A"Kọ́lẹ́ẹ̀jì Onígbá Méjì, my Yorùbá language translation of Fẹ́mi Ọ̀ṣọ́fisan’s Kolera Kolej (1975), a novel of a university campus state epidemic, was released. In Lagos and Ibadan, I gave readings, answered questions, and spoke about the future of literary writing in Afriphonic languages. A television interview was cut short by network difficulties. A newspaper interview I gave was published."
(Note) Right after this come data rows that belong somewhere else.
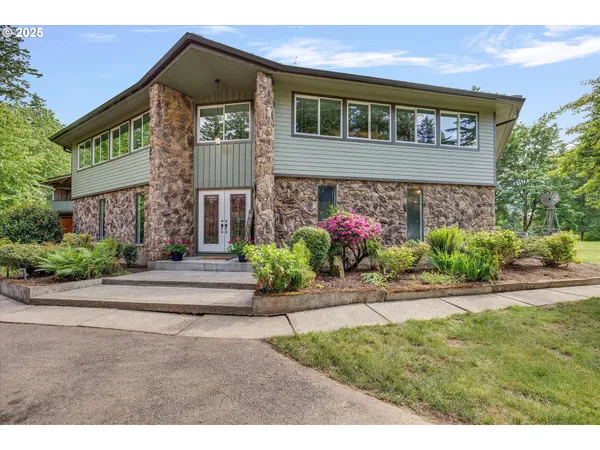 $1,299,000 | 7755 Southwest Bracken Drive, Cornelius, OR 97113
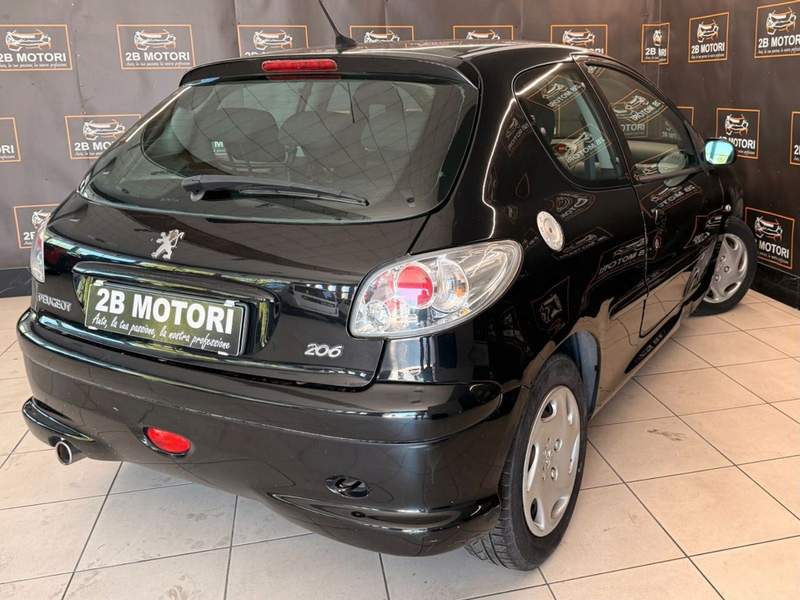 Peugeot 206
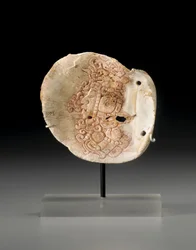 Un pectoral de concha maya con el torso de perfil de un dignatario, c.450-650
"I finished a book project I've been working on for a long time, an anthology entitled The Psalms in English, 1530-1633, which will be part of the New Tudor & Stuart Translations series published by the UK's Modern Humanities Research Association. It should be out sometime this year. I was also invited to participate in a special session at the conference of the Society for Biblical Literature in Salzburg, Austria. The society leadership wants to bring together literary scholars who work on aspects of the Bible and its history and Bible scholars to share perspectives and see how their work might benefit each other. My paper was very well received and the exchange of ideas was exciting, but as it turned out, I wasn't able to attend in person after all. Most of us Zoomed, so we had scholars speaking to each other from Israel, California, and the U.K., as well as Austria. I definitely had the worst time zone, since the session was at 2:30 a.m. Columbus time."
"I taught a novel workshop at the Vermont College of Fine Arts Postgraduate Writers' Conference in Montpelier, Vermont."
"I attended the International Conference on Narrative at the University of Chichester. I organized a panel on 'Neurodivergent Narratologies and gave a presentation on 'Aesthetic Kinship: When autistic readers find familiarity in fiction.'"
"I attended the Mendocino Coast Writers Conference as an Albertina Tholakele Dube Scholarshp for Young Writers recipient!"
"I attended the Tin House Summer Workshop to revise an excerpt of my memoir with the help of a warm-hearted cohort and T Kira Madden."
"I directed Q1 Hamlet for the 40th season of Actors' Theatre of Columbus in Schiller Park, which was seen by over 2,000 people."